_Materials provided_.
[Start of Attachment]

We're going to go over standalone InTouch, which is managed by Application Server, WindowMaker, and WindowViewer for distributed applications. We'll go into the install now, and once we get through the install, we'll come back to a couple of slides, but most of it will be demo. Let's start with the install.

[End of Attachment]
[Start of Attachment]

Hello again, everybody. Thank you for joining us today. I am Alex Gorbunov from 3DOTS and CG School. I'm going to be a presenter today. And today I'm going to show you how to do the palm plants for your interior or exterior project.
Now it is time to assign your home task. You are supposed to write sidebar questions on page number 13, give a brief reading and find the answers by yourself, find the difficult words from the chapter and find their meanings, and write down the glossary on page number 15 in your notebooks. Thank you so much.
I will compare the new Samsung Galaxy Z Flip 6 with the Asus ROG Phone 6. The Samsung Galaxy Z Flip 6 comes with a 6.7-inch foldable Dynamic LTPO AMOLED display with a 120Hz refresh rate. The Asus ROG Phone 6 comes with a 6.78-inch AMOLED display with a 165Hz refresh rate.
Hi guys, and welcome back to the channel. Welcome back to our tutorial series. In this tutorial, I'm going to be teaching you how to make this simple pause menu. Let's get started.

[End of Attachment]
[Start of Attachment]

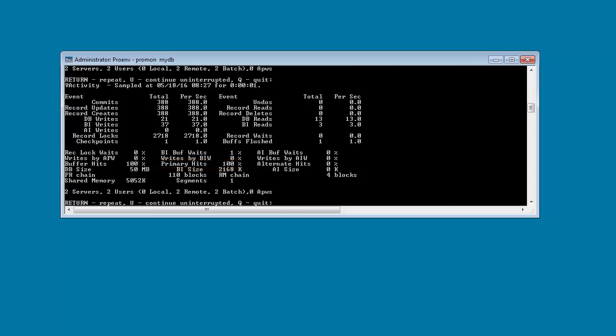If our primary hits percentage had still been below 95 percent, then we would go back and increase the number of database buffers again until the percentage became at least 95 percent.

[End of Attachment]

_Task instructions_.
Taking the entries above, print exactly the lines starting at the line with "I will compare" and ending at the line with "Hi guys, and", both included.

_Your solution_.
I will compare the new Samsung Galaxy Z Flip 6 with the Asus ROG Phone 6. The Samsung Galaxy Z Flip 6 comes with a 6.7-inch foldable Dynamic LTPO AMOLED display with a 120Hz refresh rate. The Asus ROG Phone 6 comes with a 6.78-inch AMOLED display with a 165Hz refresh rate.
Hi guys, and welcome back to the channel. Welcome back to our tutorial series. In this tutorial, I'm going to be teaching you how to make this simple pause menu. Let's get started.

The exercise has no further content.